━━━ Data to process

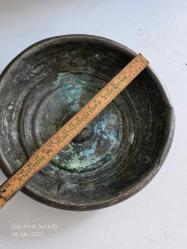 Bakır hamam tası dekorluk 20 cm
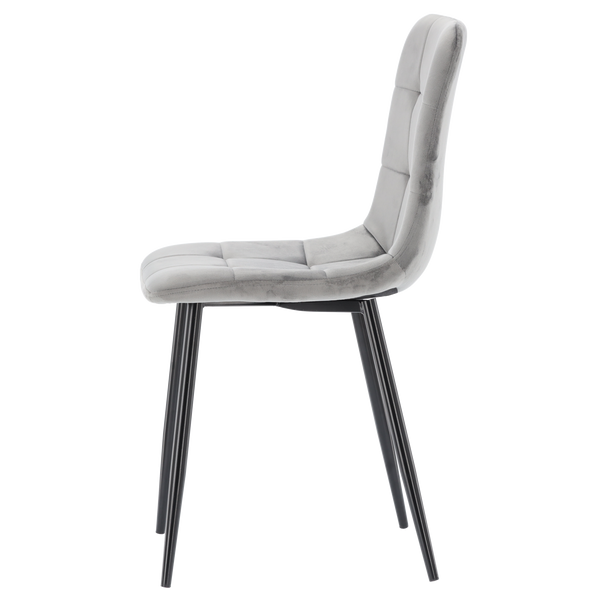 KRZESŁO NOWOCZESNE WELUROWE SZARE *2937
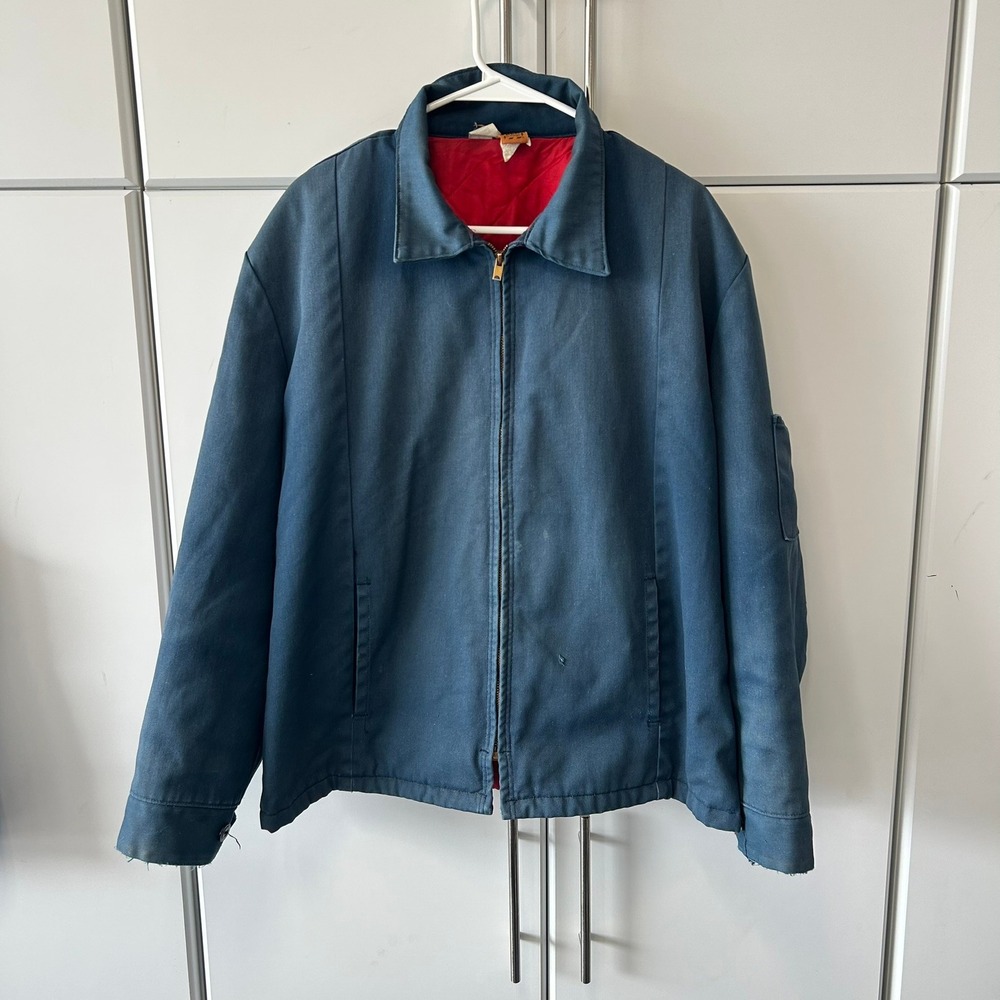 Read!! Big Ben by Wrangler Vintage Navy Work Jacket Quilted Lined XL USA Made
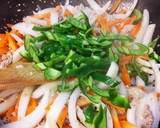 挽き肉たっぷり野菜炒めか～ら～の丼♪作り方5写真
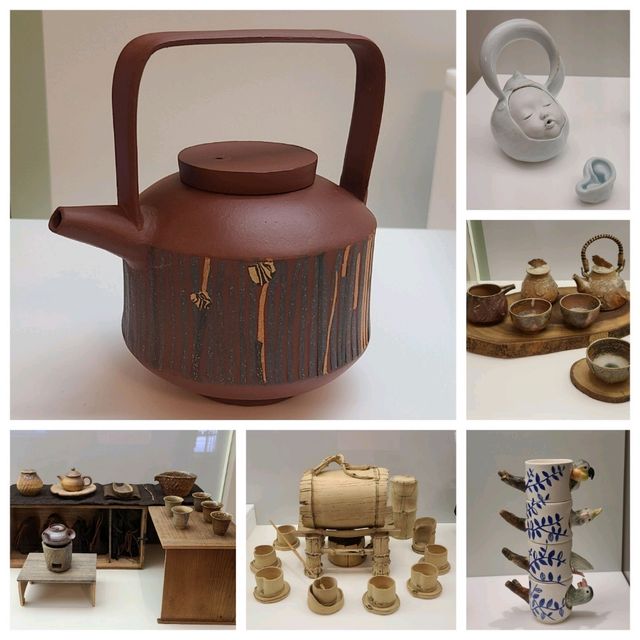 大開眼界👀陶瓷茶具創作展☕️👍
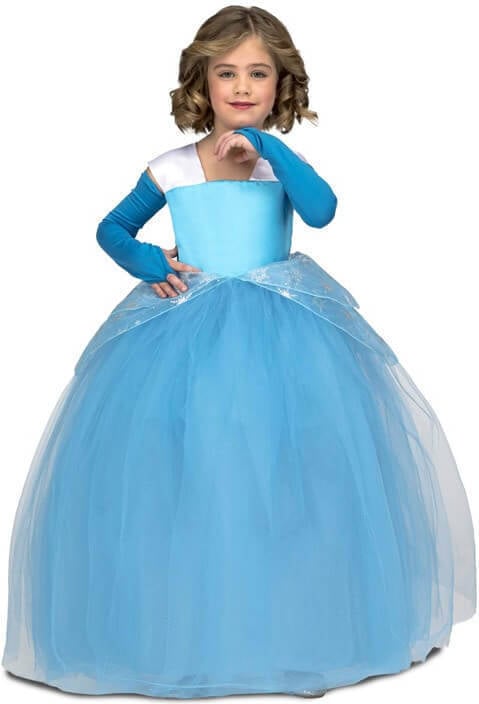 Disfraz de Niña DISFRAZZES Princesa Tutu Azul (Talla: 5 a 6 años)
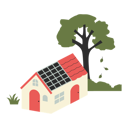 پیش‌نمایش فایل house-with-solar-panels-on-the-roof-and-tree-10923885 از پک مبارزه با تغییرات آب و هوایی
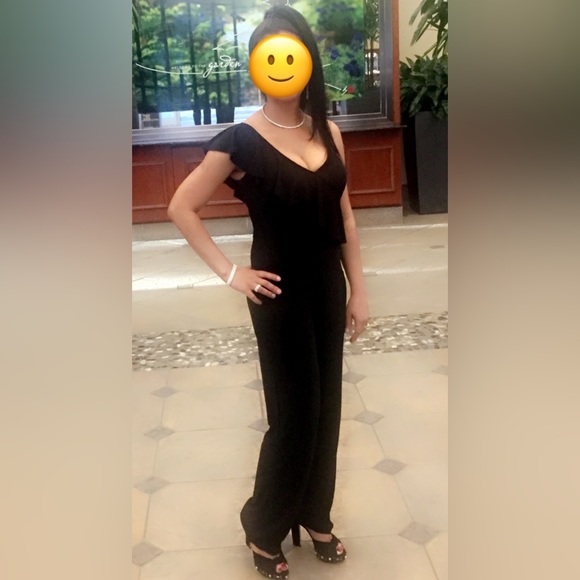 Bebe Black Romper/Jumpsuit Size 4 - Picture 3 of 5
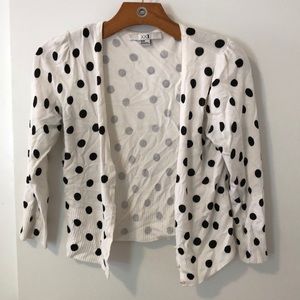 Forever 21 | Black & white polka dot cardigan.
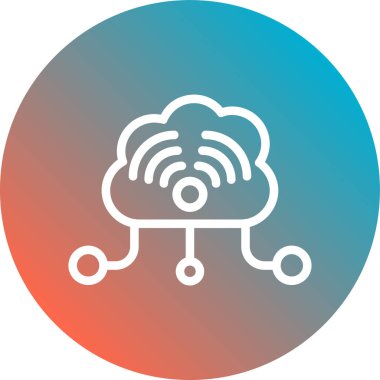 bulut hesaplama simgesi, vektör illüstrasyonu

━━━━━━

**Task statement**:
Only the lines from the line with "Disfraz de Niña" through the closing line of the data, both included, should be set down, exactly as written and without pictures.

**Output**:
 Disfraz de Niña DISFRAZZES Princesa Tutu Azul (Talla: 5 a 6 años)
 پیش‌نمایش فایل house-with-solar-panels-on-the-roof-and-tree-10923885 از پک مبارزه با تغییرات آب و هوایی
 Bebe Black Romper/Jumpsuit Size 4 - Picture 3 of 5
 Forever 21 | Black & white polka dot cardigan.
 bulut hesaplama simgesi, vektör illüstrasyonu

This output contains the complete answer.